Research and development expenses increased $2.1 million, or 17%, compared to the three months ended March 31, 2023. Salaries, benefits, and other personnel costs increased $1.5 million due to an increase in the hiring of employees throughout 2023 to support the growth in the Company’s clinical development activities as well as increased fees paid to consultants and contract research organizations in the first quarter of 2024 compared to the same period in 2023.

SG&A expenses decreased $1.5 million, or 13%, compared to the three months ended March 31, 2023, primarily driven by a reduction in stock compensation and insurance expenses in the first quarter of 2024 compared to same period in 2023. In addition, the costs associated with PRGN-2012 commercial readiness increased compared to the same period in 2023.
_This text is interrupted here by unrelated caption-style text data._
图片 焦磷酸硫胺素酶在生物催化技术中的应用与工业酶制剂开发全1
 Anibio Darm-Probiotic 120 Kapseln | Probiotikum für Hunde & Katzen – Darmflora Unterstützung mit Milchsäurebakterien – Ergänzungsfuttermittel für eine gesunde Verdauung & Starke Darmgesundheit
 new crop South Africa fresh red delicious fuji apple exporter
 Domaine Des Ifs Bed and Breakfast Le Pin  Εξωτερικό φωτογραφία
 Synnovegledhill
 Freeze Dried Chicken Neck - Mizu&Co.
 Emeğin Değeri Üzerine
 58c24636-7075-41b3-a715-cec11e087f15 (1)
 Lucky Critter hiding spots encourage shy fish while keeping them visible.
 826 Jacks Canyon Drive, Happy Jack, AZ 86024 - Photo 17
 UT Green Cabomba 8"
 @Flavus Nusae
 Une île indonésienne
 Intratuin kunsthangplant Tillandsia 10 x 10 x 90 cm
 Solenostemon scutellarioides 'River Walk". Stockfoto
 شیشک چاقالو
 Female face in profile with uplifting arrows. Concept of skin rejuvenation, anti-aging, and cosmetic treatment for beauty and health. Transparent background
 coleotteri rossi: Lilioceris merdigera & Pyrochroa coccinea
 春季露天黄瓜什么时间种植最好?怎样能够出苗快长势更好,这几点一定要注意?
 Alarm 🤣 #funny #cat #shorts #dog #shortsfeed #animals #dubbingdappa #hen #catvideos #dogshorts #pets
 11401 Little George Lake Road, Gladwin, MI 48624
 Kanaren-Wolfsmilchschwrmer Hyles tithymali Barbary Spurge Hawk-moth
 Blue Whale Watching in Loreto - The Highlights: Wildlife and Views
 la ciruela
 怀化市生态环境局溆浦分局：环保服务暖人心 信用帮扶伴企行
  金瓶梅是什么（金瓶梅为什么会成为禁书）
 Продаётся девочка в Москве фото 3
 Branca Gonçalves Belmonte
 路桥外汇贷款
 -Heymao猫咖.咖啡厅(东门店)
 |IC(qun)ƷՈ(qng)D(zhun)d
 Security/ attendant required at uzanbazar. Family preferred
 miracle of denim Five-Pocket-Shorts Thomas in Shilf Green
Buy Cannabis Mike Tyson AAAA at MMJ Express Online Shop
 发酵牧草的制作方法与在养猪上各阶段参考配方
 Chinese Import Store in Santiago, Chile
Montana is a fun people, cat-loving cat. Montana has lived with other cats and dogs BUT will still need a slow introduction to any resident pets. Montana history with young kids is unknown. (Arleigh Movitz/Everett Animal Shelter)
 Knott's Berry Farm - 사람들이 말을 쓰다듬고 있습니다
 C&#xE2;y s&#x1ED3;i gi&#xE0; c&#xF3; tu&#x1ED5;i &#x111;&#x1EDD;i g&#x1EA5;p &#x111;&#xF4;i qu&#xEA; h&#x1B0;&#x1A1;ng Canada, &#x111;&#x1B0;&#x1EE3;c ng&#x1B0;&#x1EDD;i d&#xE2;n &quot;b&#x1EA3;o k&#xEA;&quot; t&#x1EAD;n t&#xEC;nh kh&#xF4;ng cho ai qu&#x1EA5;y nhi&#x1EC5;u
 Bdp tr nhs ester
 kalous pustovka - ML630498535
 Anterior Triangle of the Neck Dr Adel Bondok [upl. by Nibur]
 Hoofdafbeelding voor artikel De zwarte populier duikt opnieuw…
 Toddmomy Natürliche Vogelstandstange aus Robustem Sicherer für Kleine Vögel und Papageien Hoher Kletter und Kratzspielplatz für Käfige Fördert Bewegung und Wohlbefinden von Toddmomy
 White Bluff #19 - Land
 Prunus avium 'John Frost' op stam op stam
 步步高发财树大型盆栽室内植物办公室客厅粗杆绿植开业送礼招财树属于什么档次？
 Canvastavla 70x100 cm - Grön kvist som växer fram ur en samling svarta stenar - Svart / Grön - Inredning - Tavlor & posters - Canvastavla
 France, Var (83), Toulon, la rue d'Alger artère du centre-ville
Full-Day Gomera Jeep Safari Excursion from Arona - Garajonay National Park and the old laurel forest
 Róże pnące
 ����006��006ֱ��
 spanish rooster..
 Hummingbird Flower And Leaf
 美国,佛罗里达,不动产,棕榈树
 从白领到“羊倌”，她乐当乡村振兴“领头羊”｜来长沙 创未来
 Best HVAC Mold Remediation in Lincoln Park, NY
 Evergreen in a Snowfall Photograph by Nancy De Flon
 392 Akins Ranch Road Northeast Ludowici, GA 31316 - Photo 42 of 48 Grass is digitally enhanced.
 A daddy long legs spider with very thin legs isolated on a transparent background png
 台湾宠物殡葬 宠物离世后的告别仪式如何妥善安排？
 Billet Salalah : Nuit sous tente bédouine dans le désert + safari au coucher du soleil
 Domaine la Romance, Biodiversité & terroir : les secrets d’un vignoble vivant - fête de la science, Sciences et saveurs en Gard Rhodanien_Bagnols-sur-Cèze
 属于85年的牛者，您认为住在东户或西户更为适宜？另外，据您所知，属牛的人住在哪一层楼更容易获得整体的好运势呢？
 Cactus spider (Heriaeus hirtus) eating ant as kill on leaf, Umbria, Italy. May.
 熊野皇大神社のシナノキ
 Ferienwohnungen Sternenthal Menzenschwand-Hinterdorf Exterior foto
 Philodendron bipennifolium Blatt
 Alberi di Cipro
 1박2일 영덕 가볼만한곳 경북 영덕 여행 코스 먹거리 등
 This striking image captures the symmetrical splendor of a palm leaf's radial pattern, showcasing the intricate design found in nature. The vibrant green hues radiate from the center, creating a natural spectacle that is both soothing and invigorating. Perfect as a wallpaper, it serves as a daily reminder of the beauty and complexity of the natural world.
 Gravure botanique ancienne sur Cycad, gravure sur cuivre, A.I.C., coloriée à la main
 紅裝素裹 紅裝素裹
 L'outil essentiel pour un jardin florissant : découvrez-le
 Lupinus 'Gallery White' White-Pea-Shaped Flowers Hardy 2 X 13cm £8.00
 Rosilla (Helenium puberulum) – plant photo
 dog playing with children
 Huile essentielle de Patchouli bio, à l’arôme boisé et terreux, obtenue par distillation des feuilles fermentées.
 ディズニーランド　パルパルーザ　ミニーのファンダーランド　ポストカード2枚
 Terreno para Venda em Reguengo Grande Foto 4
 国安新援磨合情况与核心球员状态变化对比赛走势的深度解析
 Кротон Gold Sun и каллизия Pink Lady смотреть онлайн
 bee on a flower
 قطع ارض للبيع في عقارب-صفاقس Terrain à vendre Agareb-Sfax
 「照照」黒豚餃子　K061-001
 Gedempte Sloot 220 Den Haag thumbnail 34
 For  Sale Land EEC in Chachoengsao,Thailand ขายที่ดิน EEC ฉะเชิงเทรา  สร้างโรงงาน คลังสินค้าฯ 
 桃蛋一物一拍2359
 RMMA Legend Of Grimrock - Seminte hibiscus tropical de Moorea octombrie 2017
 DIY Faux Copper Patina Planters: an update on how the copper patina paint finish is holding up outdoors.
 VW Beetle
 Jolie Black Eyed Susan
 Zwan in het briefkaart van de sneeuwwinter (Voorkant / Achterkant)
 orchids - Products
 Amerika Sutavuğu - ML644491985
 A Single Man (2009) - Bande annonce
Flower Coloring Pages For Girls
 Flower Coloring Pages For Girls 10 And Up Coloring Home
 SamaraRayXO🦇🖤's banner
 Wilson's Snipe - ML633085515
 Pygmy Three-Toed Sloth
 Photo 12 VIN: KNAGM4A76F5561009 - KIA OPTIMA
Total revenues decreased $0.8 million, or 43%, compared to the three months ended March 31, 2023. This decrease was due to the reduction in products and services performed at Exemplar. Gross margin on product and services also declined in the current period primarily as a result of the decreased revenues at Exemplar.

Net Loss was $23.7 million, or $(0.10) per basic and diluted share, compared to net loss of $22.7 million, or $(0.10) per basic and diluted share, in period ended March 31, 2023.